Rule #03 – Add an Expires Header

In HTTP conversation, the server can tell to a client that certain component could be used at his local cache for a certain time using the HTTP field: Expires. You request a component for server and it answers with that component and give you a valid time for that component. The setup for this is made on server-side. (See also: Max-age and Cache-Control – overcome the limitation of Expires, when you need to specify the exact date, causing clock synchronizing issues. Using Cache-Control you can set time in seconds!)

People, usually, don’t put this because they fear the change. For example: I create a component (company’s logo) and put the expires date to ten days, but if I would change it before that time?! Well, you could starting writing your components with rev. number on its name. The company_logo_1.0.png is cached but your newer version company_logo.1.1.png isn’t.

Rule #04 – Gzip ’em all

Once again, you can inform to server that you understand and accept compressed files (Accept-Encoding: gzip) and maybe server answer you with compressed data. (Content-Enconding: gzip) Using compressing, saves the average of 66% in your network flow, it’s huge and worth to do.

Rule #05 – Stylesheets at top

The history is long (progressive rendering, browser way to render, blank screen when css at bottom) so just follow (and read the book to understand the beginning of this long history) the rule! BTW, by testing, it was proved that use LINK way of include css instead @import is better.

Rule #06 – Scripts at bottom

Again, long history (browser way to understand it, EVEN BLOCK parallel downloads because of scripts and middle of your html) just follow the rule!

Rule #07 – Don’t use CSS expression (okay, avoid)

This rule brings a new concept to me. I didn’t know that we could write css and javascritp into css rules (in this way). For example:

width: expression( document.body.clientWith < 600 ? "600px" : "auto" );

Rule #08 – Make JS & CSS external

Inline vs External -> In raw terms inline is faster. But don’t forget about others rules : compressing, CDN and caching. In general, for real world projects external files always win for performance. (Mainly for users with primed cache, components cached because they’re visited site before)

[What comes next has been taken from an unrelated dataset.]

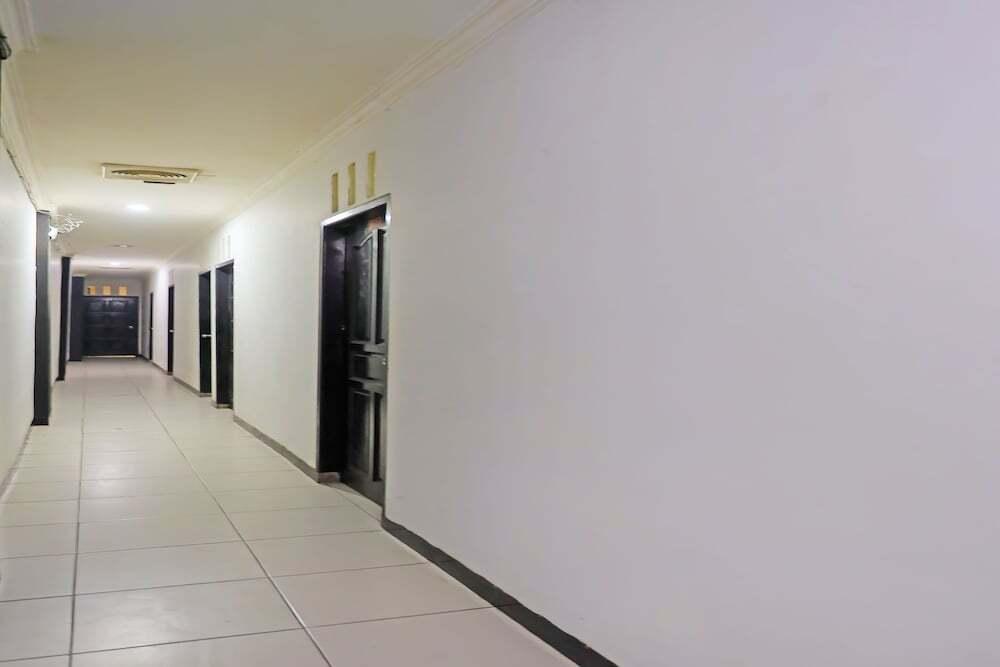 Батам: SPOT ON 92092 Wisma Nilam Sari Syariah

Rule #09 – Reduce DNS lookups

The roundtrip that one request does to find the it can be a huge time-consuming, so DNS caching would improve a lot your user first visit.

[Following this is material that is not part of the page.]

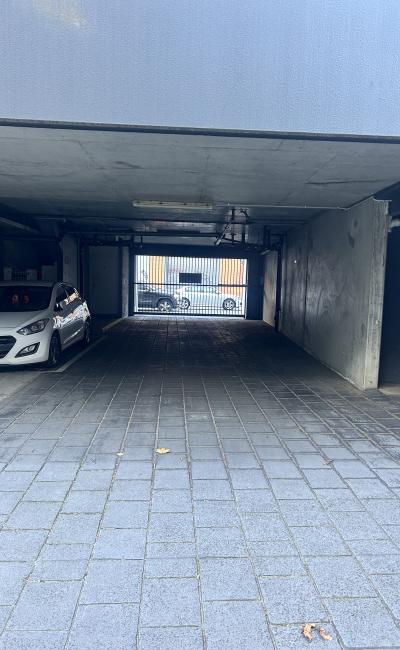 Great secure undercover car space for rent right in the heart of Prahran, 3 min walk to Chapel St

Rule #10 – Minify Javascript

I already cite this but it’s a valid rule, imagine the space you can save and bytes you can save by minifying your js.


myFunction(parameter0, paramenter1){

window.title = parameter0 + parameter1;

}

Works equality as:


myFunction(_0,_1){window.title=_0+_1;}

There is a bunch of minifyers on Internet. And even obsfucators but I don’t think it’s necessary and most of them can introduce bugs. There is also CSS minifyers too: write 10 instead of 10px, #606 instead of #660066.

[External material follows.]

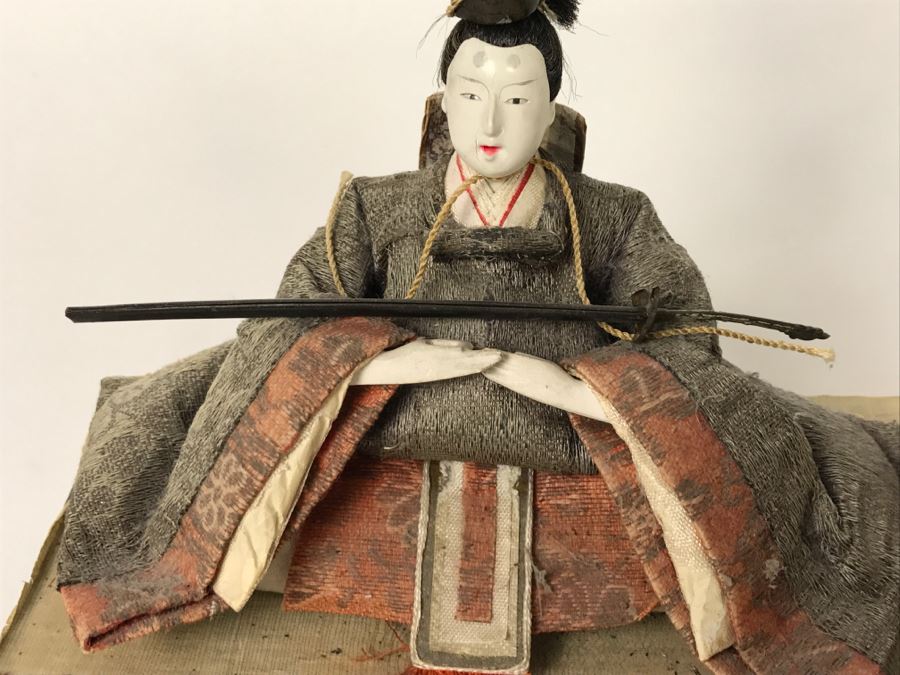 Pair Of Detailed Japanese Dolls On Stand [Photo 12]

Rule #14 – Make ajax cacheable

This is, maybe, the most hard rule to explain and apply! Then it’s better read it here.

PS: I skipped the rules 11 (avoid redirects), 12(remove duplicate scripts) and 13 (configure etags) just because they are most known for general people, except ETags but usually the tip is : avoid ETag, so it is.

Oh yes, you can see more rules of high performance at Yahoo! and at Google.com too.

Useful tools to help mensure your site

Today, we fortunately have tools to help us identify and fix performance issues on our web sites. You can simply grab one of that bellow or both and run it on your site. They give you a complete report about the pain points and thing you can do to increase performance. YSlow uses the fourteen rules as basis and Speed Trace is Google tool, it doesn’t need to say anything.

YSlow

YSlow analyzes web pages and suggests ways to improve their performance based on a set of rules for high performance web pages. It can be installed as browser plugin.

Speed Trace

Speed Tracer is a tool to help you identify and fix performance problems in your web applications. It visualizes metrics that are taken from low-level instrumentation points inside of the browser and analyzes them as your application runs. Speed Tracer is available as a Chrome extension and works on all platforms where extensions are currently supported (Windows and Linux).